If the gene expression cycles were being controlled entirely at the level of transcription, exon and intron RNA would always increase and decrease at the same time. But the researchers found something different. More than 2,000 genes showed daily cycles of expression at the exon level, but fewer than 1,400 genes showed circadian patterns at the intron level. Moreover, the intron RNA transcripts that cycled all peaked at the same time, whereas the exon RNA transcript peaks were scattered throughout different times of day.

“When we compared the intron- and exon-cycling gene sets, we found very little overlap,” Takahashi says. “Only about 22 percent of the exon-cycling genes are being regulated at the level of transcription.” For the other 78 percent of exon-cycling genes, the increases and decreases must be happening at a later level of regulation, rather than the initial transcription of DNA to RNA, since the intron and exon RNA transcripts don’t match up.

To delve further into how regulation is occurring in the genes that do have cycling at the transcription level, and figure out why they are all peaking at the same time, Takahashi and his colleagues tested the timing of the first step in transcription, the binding of RNA polymerase II to the genes. That binding, he discovered, was occurring much earlier in the day than the gene transcription. CLOCK and BMAL1, the activators of transcription, recruit RNA polymerase II at the beginning of the cycle, but are repressed by the presence of the inhibitor, CRY1. As a consequence, RNA polymerase is poised or paused for a few hours before it can begin transcription.
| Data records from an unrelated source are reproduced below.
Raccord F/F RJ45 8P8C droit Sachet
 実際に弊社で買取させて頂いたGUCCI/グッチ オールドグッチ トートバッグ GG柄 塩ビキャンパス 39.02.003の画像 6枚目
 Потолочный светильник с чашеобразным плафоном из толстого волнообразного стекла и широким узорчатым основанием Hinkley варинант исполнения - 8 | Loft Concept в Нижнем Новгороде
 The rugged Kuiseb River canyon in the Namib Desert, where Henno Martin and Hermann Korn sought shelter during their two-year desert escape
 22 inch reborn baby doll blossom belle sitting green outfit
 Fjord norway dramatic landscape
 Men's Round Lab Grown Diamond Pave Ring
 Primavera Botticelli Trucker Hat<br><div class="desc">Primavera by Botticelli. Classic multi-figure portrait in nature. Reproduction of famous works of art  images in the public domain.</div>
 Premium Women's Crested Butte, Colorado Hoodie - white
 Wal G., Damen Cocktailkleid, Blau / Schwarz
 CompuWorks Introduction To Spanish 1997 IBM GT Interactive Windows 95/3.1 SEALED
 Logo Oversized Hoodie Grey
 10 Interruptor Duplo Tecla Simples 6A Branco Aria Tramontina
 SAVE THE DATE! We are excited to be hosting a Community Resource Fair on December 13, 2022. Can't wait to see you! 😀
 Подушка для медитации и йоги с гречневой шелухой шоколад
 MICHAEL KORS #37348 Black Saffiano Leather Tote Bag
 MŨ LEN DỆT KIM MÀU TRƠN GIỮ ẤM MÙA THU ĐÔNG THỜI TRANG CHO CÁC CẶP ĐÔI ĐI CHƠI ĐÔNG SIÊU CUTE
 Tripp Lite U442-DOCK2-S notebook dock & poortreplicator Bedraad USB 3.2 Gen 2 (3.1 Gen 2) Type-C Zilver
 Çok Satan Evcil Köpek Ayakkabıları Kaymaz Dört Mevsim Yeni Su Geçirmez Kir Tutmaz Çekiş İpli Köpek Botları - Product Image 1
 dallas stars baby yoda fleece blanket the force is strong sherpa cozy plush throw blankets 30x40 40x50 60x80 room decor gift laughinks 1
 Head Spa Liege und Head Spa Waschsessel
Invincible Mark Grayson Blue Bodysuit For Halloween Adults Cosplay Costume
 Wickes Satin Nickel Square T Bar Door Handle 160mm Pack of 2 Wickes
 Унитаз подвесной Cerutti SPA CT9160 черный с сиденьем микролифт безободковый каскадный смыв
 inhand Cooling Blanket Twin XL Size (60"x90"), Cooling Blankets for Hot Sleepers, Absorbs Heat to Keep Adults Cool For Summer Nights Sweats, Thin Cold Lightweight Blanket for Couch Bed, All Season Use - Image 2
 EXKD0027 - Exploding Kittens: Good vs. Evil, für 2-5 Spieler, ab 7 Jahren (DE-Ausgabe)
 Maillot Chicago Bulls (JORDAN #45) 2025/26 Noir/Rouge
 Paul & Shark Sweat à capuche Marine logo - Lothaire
Thus, the circadian-rhythm-dependent steps involve both RNA polymerase recruitment and the release from the poised state.

“What we ended up discovering was that RNA polymerase II initiation is circadian on a genome-wide level,” says Takahashi. “Along with the global regulation of RNA polymerase II and transcription, we also found a global regulation of chromatin state by the circadian clock. Histone proteins that are critical for maintaining the integrity of DNA were also modified extensively on a circadian basis across the genome.” This suggests that virtually every gene has the potential to be modulated along with the circadian cycle, he says. The next step, he adds, is to figure out how RNA polymerase is controlled on a daily basis and what makes the polymerase pause on some genes at certain times of the day. And, of course, the question of how other RNA molecules are being regulated after transcription still remains.